ABOVE: Oyster Bay Pump Works
Patrick Gaillard, president of Oyster Bay Pump Works, a producer of automated liquid dispensing laboratory equipment, recently signed a consent agreement with the Bureau of Industry and Security (“BIS”) under which he agreed to a three-year denial order and a $300,000 fine, $275,000 of which was suspended for one year provided that he commits no further export violations. According to the charging documents, Gaillard shipped laboratory equipment made by his company to Cuba and Iran by transshipping the equipment through Germany and the U.A.E.
Back in 2007. Gaillard pleaded guilty to criminal charges arising out of one of these exports and was sentenced to 30 days in prison, a $25,000 criminal fine, three years of probation, and a $300 special assessment. And, apparently, as Mr. Gaillard walked out of prison after serving his time, there were his friends from BIS, who participated no doubt in the criminal investigation, waiting at the prison gate for a second bite at Mr. Gaillard’s apple. BIS is free to waive about the Supreme Court’s decision in Hudson v. United States, 522 U.S. 93 (1997), which held that subsequent administrative fines almost never violate the Double Jeopardy Clause, but that doesn’t make the double whammy fair or decent, particularly where BIS is knee deep in the criminal trial.

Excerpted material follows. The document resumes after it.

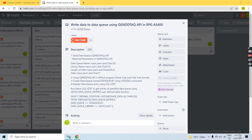Hello everyone, welcome back to this channel. In this video session I'll discuss QSNDDTAQ in RPG programming. We're going to write data to the data queue using the QSNDDTAQ API in an RPG program.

The charging documents also accuse Gaillard of “acting with knowledge,” but the facts supporting these charges don’t seem altogether consistent with that.

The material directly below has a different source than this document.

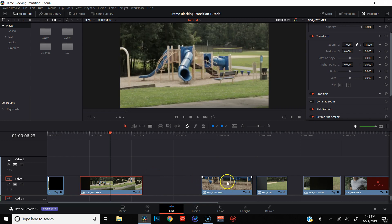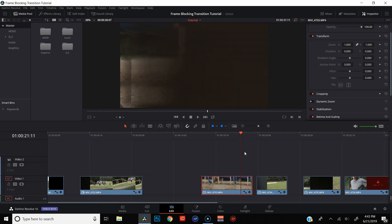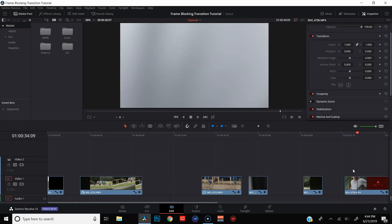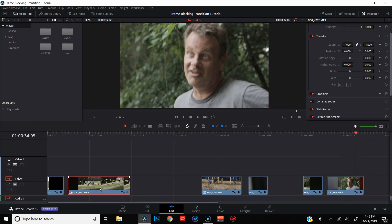I'm going to go ahead and do that with the rest of my clips. Alright, all my clips are trimmed up and ready to go. The next thing I want to do is actually something I see a lot of people skipping when they do these types of transitions — and that's to add a speed ramp at the end of the first clip and at the beginning of the second clip. If you don't know how to do a speed ramp, I do have a tutorial on that — I will link that down below in the description.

Gaillard had knowledge that violations of the regulations were occurring or were about and intended to occur because Gaillard knew of the U.S. embargo of Iran and that the items could not be exported to Iran without U.S. Government authorization. In or around November 2005, a sales representative from an Iranian company approached Gaillard for the sale and export of the items described above to Iran. When Gaillard declined, citing the U.S. embargo of exports to Iran, the sales representative arranged with Gaillard to have the items exported to the Iranian company’s trading arm in the U.A.E., from where the items would be transshipped to Iran.

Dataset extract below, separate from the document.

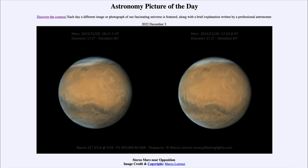Here we see two images of Mars taken just a couple of days apart — one on November 26th, which is the image on the right-hand side, and then a couple of days later on November 28th. These two images taken together can make a stereo pair.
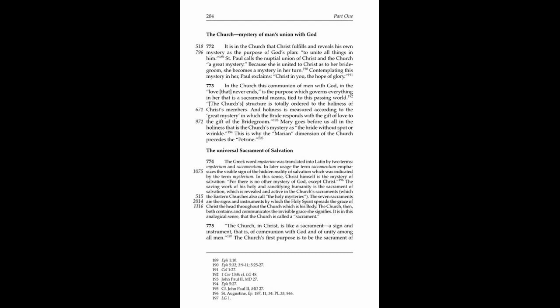In this sense, Christ himself is the mystery of salvation, for there is no other mystery of God except Christ. The saving work of his holy and sanctifying humanity is the sacrament of salvation, which is revealed and active in the Church's sacraments.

This suggests that Gaillard may have held the common, but incorrect, belief that the Iran sanctions would not block an export to a country other than Iran. Once the item is in the foreign country, so the belief goes, it is the law of that foreign country which governs whether or not the item can be exported to Iran. If that is what Gaillard believed, it is hard to assert that Gaillard acted with knowledge that his actions were illegal even if his belief were incorrect.